The reason -- or rather, the two reasons?

First, CEO Patrick Decker said the first quarter saw "[l]ower margin performance" which was "driven by the mix of products that we sold and operational factors that we should have identified and planned for, most notably in our sales and operations planning process." As a consequence, restructuring and realignment costs will now be $60 million to $70 million, instead of the previously planned-for $30 million.

Second, management took the decision to delay the implementation of a series of business initiatives partly designed to cut costs. The reason? Management claimed it was in order to optimize their implementation and minimize the disruption the might cause to revenue growth. As such the cost savings from the initiatives are now expected to hit in late 2020 and 2021 according to Decker on the earnings call. 

The news is obviously disappointing, but the stock is arguably still a good value. For example, Zylem still expects to convert 105% of net income to free cash flow (FCF). If that is the case, then the company should generate around $600 million in full-year FCF. Moreover, the company is investing heavily right now. Its capital expenditures exceed depreciation, which should lead to faster earnings growth relatively soon. Adjusting for this spending surge to fuel growth, it has the potential to add another $100 million to that FCF total.

Based on the assumed $700 million in underlying FCF, Xylem trades on a forward price-to-FCF multiple of 21 times -- that's a reasonable valuation to pay for mid-teens earnings growth, but the company needs to stay on track in 2019. In short, Xylem is still a good value, but keep a close eye out for the next set of results. They need to be blemish free.
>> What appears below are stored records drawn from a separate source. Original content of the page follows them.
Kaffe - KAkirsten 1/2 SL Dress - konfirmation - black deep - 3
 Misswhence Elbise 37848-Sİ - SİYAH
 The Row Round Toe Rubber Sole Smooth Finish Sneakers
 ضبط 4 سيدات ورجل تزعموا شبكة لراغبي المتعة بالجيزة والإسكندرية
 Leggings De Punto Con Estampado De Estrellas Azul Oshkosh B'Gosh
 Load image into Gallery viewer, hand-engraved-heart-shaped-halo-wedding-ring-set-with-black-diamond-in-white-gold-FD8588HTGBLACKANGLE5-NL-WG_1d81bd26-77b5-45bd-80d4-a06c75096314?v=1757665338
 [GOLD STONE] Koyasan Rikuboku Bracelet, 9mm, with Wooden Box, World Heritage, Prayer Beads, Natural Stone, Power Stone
Allegion continues to roll

There wasn't a lot wrong with Allegion's first-quarter earnings report, and the company remains on track for 2019 and beyond. If you believe in the convergence of mechanical and electronic security systems, and the benefits of web-enabled and internet of things (IoT)-enabled locks and doors used to monitor and control locks remotely, then you believe Allegion has a bright future

That said, you will have to pay up if you want to buy Allegion stock, particularly after its recent strong rise. The company's available cash flow outlook (basically FCF but with pension contributions included) of $430 million to $450 million puts it on a forward price-to-cash-flow multiple of more than 22. That strikes me as a bit pricey for high-single-digit EPS growth, particularly as a slowdown in the residential housing market could negatively impact its outlook.

Ingersoll-Rand grows from strength to strength

Last but not least, Ingersoll-Rand continues to look like a good value. Management raised full-year guidance to the high-end of its previous range, and underlying HVAC orders remain supportive of a combination of mid-single-digit revenue growth and double-digit PS growth -- not least because the raw material cost headwinds in 2018 and 2019 will hopefully abate in the future. 

Moreover, Wall Street warmly welcomed the news that Ingersoll-Rand will spin off its industrial business and then merge it with Gardner Denver (NYSE:GDI). The deal will lead to an increased focus on Ingersoll-Rand's core HVAC operations.  Management continues to believe in FCF of around $1.6 billion in 2019, putting Ingersoll-Rand on a forward price-to-FCF multiple of 18.5. All told, despite the strong rise in 2019, the stock continues to look like a good value.